Separately, Henry said, the producer was granted approval early this year to drill an existing well at its Perdido Development, and Shell is "also about to drill" there. Shell and 12 other GOM producers were given the go-ahead in January to continue working on existing projects as long as the projects were in compliance with the revised BOEM rules (see Daily GPI, Jan. 4).
The Perdido Development ramped up last year just weeks before the Deepwater Horizon accident (see Daily GPI, April 5, 2010).

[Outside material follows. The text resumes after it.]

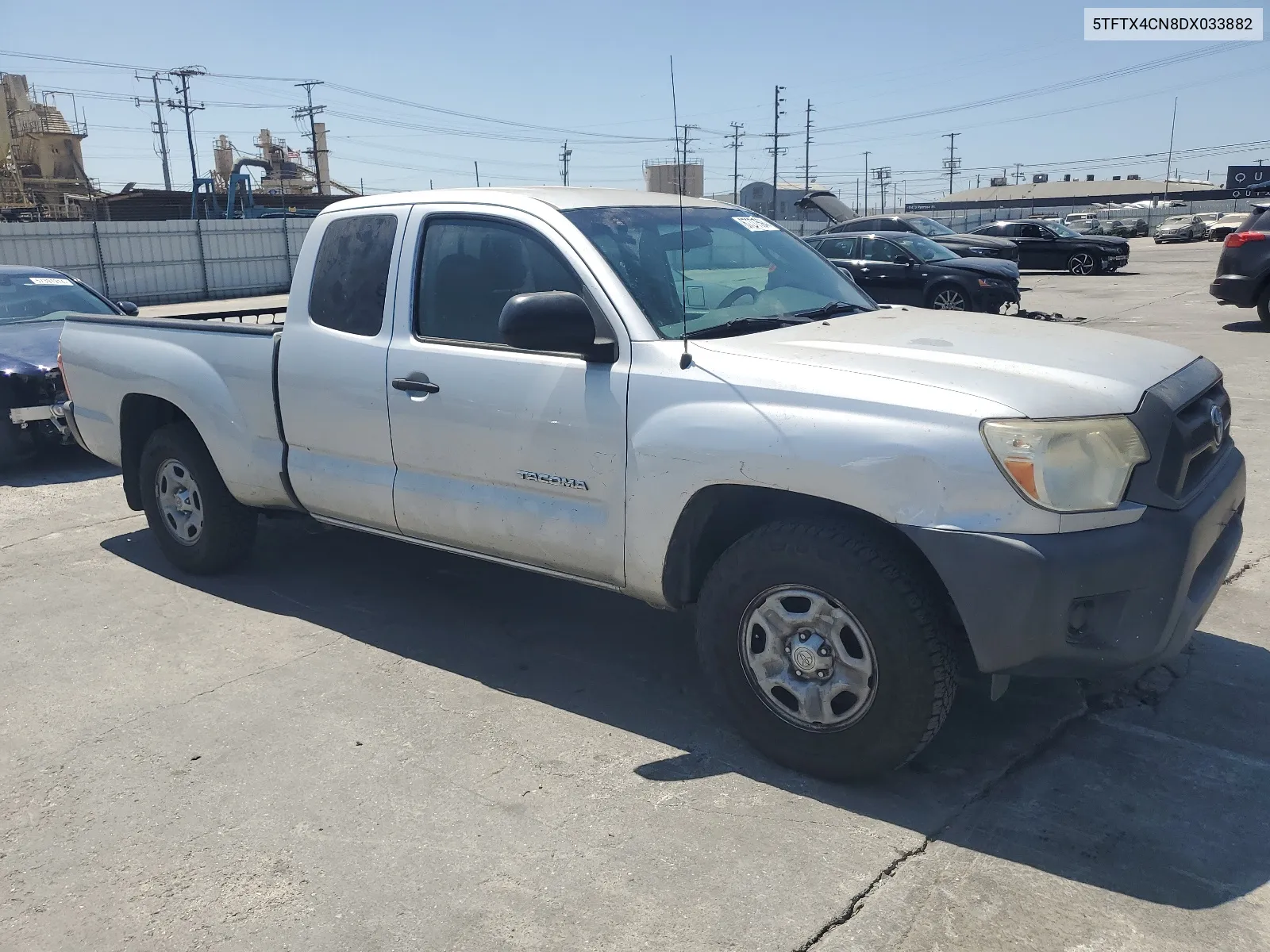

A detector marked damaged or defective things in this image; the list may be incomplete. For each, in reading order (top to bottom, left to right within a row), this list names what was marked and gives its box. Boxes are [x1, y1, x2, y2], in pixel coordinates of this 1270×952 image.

damaged car [0, 267, 137, 472]
crack in pavement [792, 701, 1082, 952]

Called the world's deepest offshore drilling and production facility, the first producing platform in the promising Lower Tertiary Trend is able to produce annual peak production of more than 200 MMcf/d of gas and 100,000 b/d of oil.
In addition to its permitted drilling, Henry noted that Shell has five floating drilling units in the GOM, and it is drilling workovers and some completions off of some platforms.
"Of the floaters we've got that are already new-regulation ready, one is close, one has been taken to Brazil for awhile," he said. "We are getting back to work, but it's still slow progress."
Shell had already estimated that 50,000 boe/d of expected production in the GOM would be lost that "otherwise would have been achieved without the moratorium," he said. Even though drilling in the GOM is restarting, "we won't change the 50,000 boe/d losses...and we would like to see the rest of the applications approved as well."
Shell's net profit in the first quarter jumped 60% from a year ago to $8.78 billion from $5.48 billion. Group revenues rose to $114.84 from $88.03 billion. Shell's clean current cost of supplies, which strips out gains or losses from inventories and other nonoperating items, was $6.29 billion in 1Q2011, compared with $4.82 billion in 1Q2010.
"We continue to make good progress in implementing our strategy, improving near-term performance, delivering a new wave of production growth, and maturing the next generation of growth options for shareholders," said CEO Peter Voser.
The CEO said new asset sales and cost savings programs have been announced as part of Shell's focus to continuously improve and enhance performance. Shell sold $3.2 billion of noncore assets in the latest quarter, including the sale of some tight gas assets in South Texas for $1.8 billion.
Total oil and gas production in the latest quarter was 3.504 million boe/d, down 3% from a year ago. Production in the quarter increased by 230,000 boe/d from new field start-ups and the continuing ramp-up of fields, which more than offset the impact of field declines, Shell said. Liquefied natural gas sales volumes totaled 4.42 million tons in 1Q2011, 4% higher than in the year-ago period.